#### To do
Please copy the data exactly as it stands, minus the images.

#### Data provided
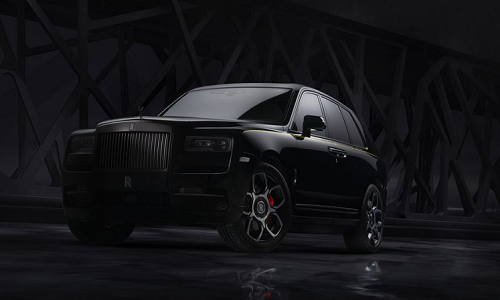 Ra mắt "vua bóng đêm" - Rolls-Royce Cullinan Black Badge 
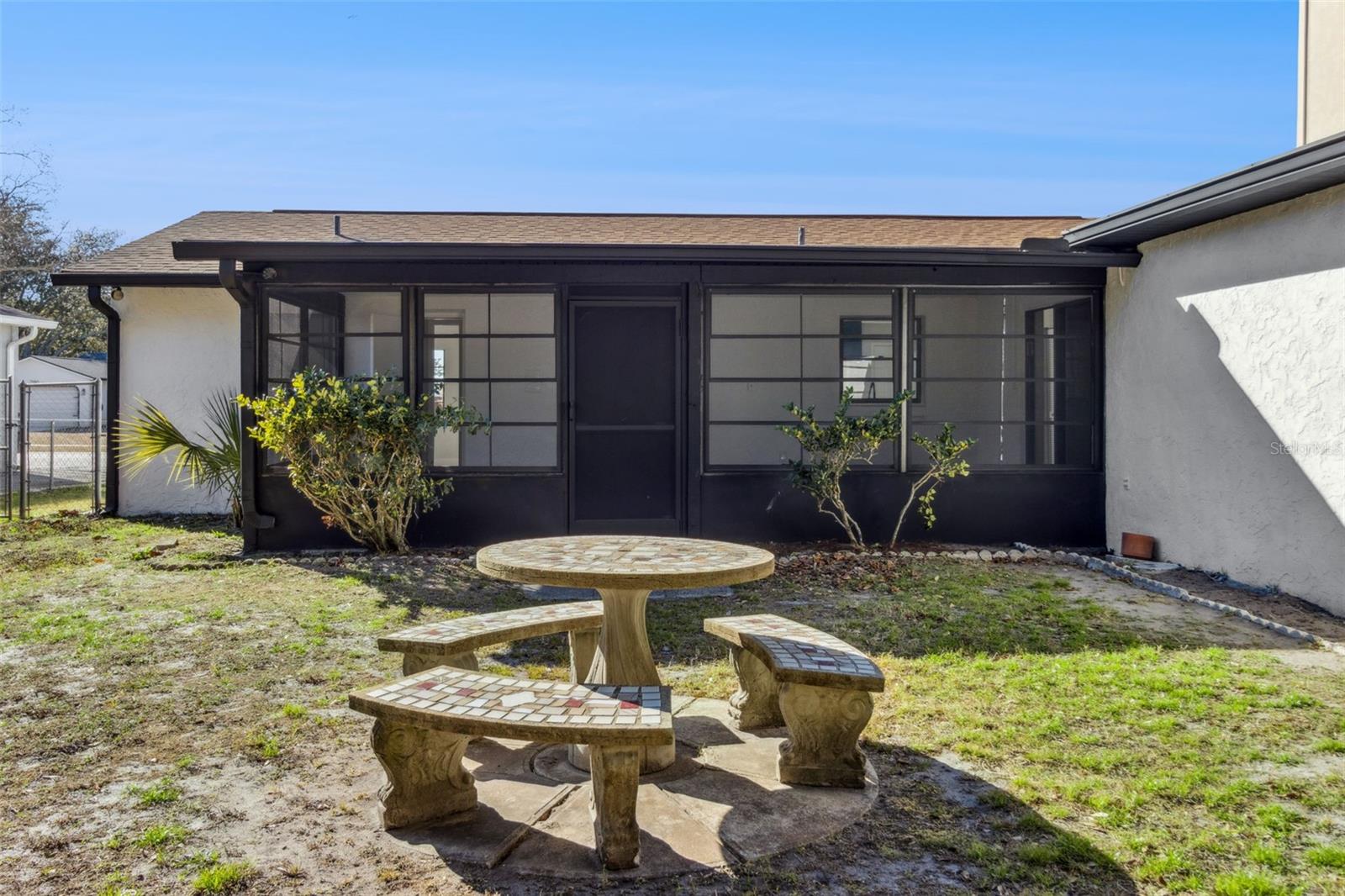 Listing photo id 45 for 2533 Oak Run Boulevard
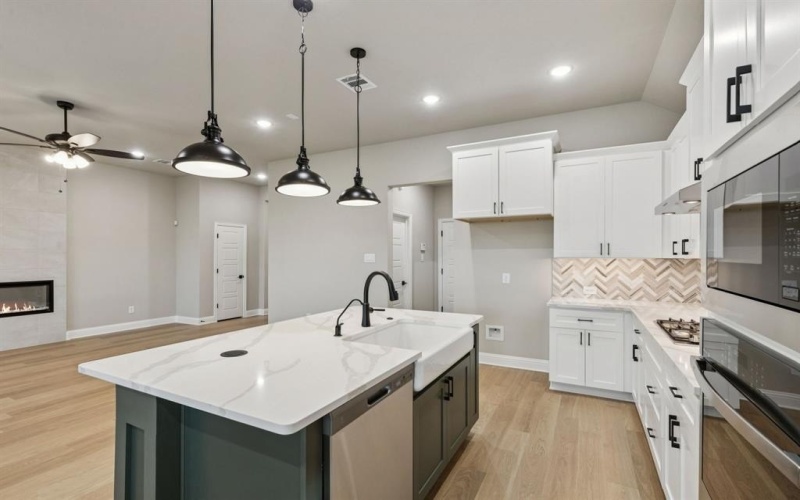 3910 Summerfield Drive, Heartland, TX 75114, 3 Habitaciones Habitaciones , ,2 BañosBaños,Residential,En Venta,3910 Summerfield Drive,20860747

#### Answer box
 Ra mắt "vua bóng đêm" - Rolls-Royce Cullinan Black Badge 
 Listing photo id 45 for 2533 Oak Run Boulevard
 3910 Summerfield Drive, Heartland, TX 75114, 3 Habitaciones Habitaciones , ,2 BañosBaños,Residential,En Venta,3910 Summerfield Drive,20860747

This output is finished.